Source data section start
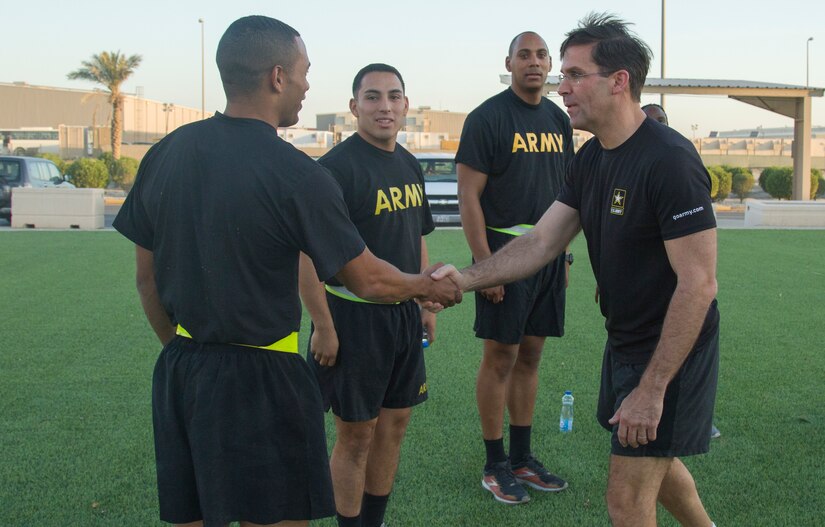 Secretary of the Army, Dr. Mark T. Esper, greets Soldiers during physical readiness training at Camp Arifjan, Kuwait, June 21, 2018. The Soldiers were excited to meet the newly appointed secretary, as this was his first time visiting Camp Arifjan since he assumed his new position in November 2017.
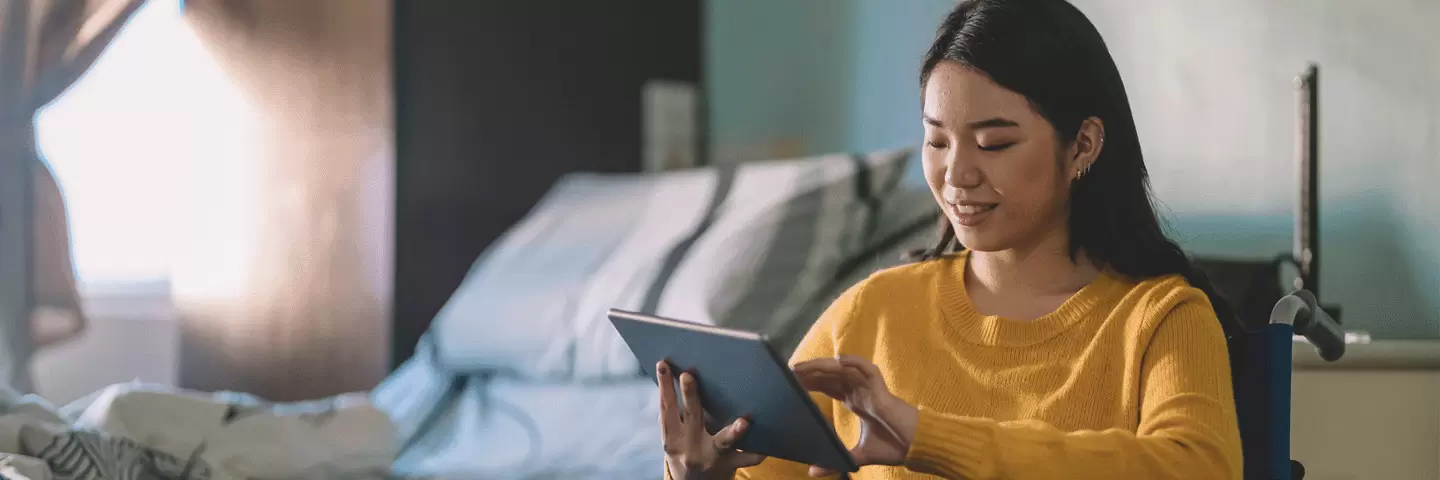 Eine junge Frau im Rollstuhl hält ein Tablet in der Hand.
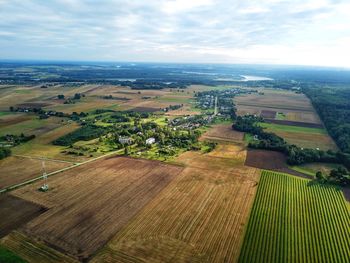 Aerial view of agricultural field against sky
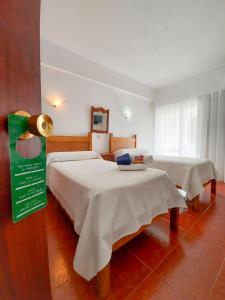sypialnia z 2 łóżkami z białą pościelą w obiekcie Termas da Sulfurea w mieście Cabeço de Vide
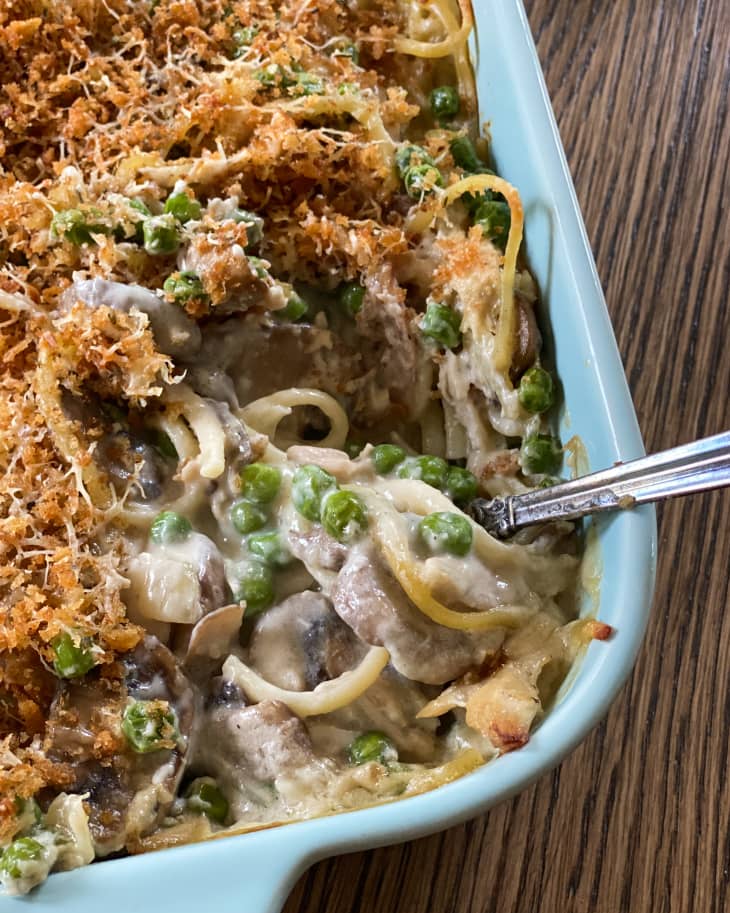 Chicken Tetrazzini (baked spaghetti with peas, chicken and mushroom in a creamy sauce) in a pan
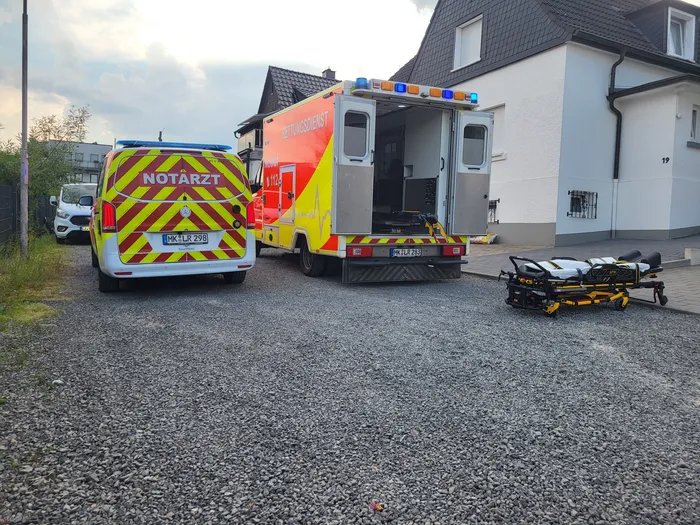 Two emergency vehicles, an ambulance and a smaller response vehicle labeled 'Notarzt' (emergency doctor), are parked on a paved area in front of a white building. The vehicles have yellow and red markings and flashing lights on the roof.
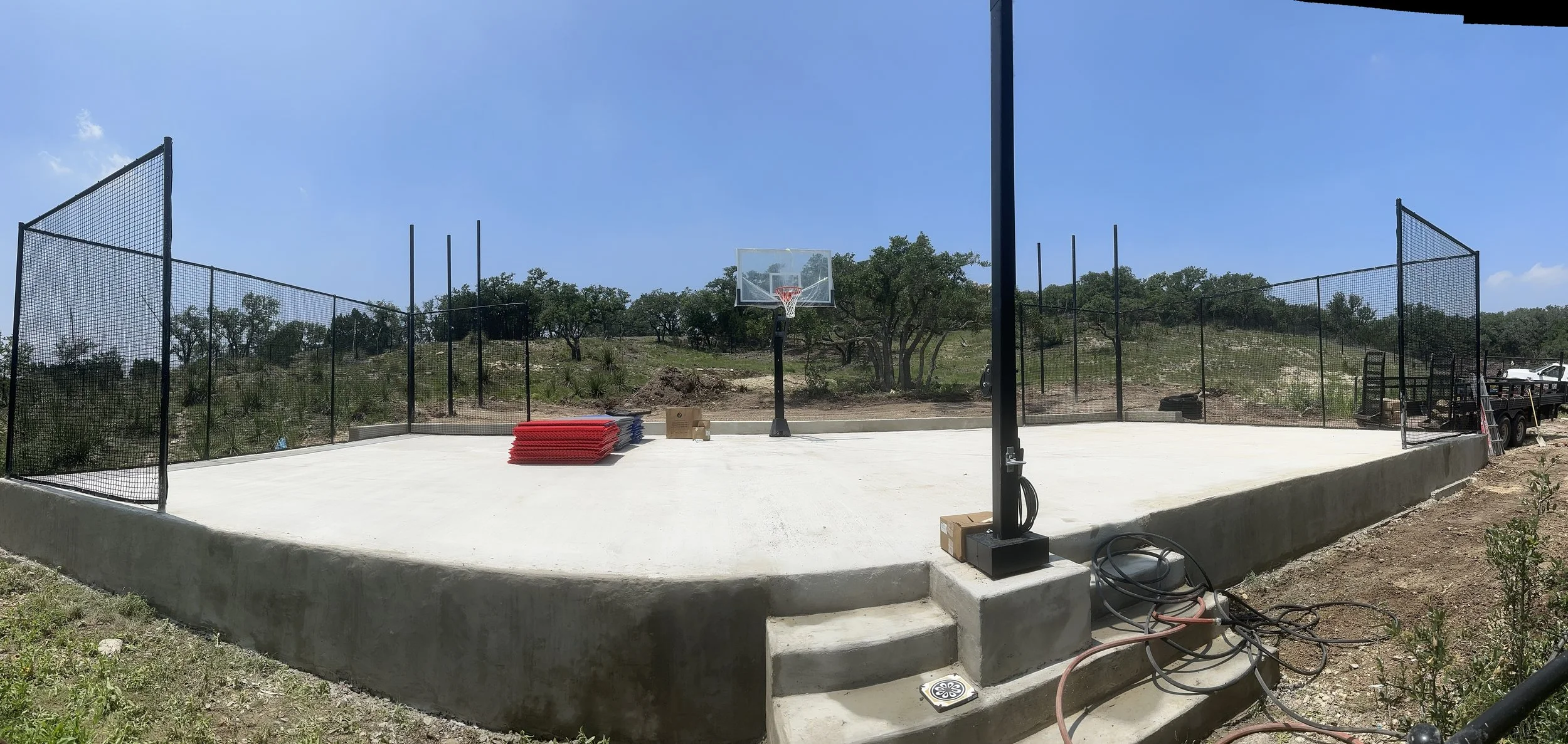 Completed pickleball court with fencing, lighting, and reinforced concrete slab in Boerne, TX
Source data section end
## What to produce
Within the entries above, the lines from the one containing "Eine junge Frau" through the one containing "Chicken Tetrazzini (baked" are to be transcribed exactly, ends included, pictures excluded.

## Solution to this exercise
 Eine junge Frau im Rollstuhl hält ein Tablet in der Hand.
 Aerial view of agricultural field against sky
sypialnia z 2 łóżkami z białą pościelą w obiekcie Termas da Sulfurea w mieście Cabeço de Vide
 Chicken Tetrazzini (baked spaghetti with peas, chicken and mushroom in a creamy sauce) in a pan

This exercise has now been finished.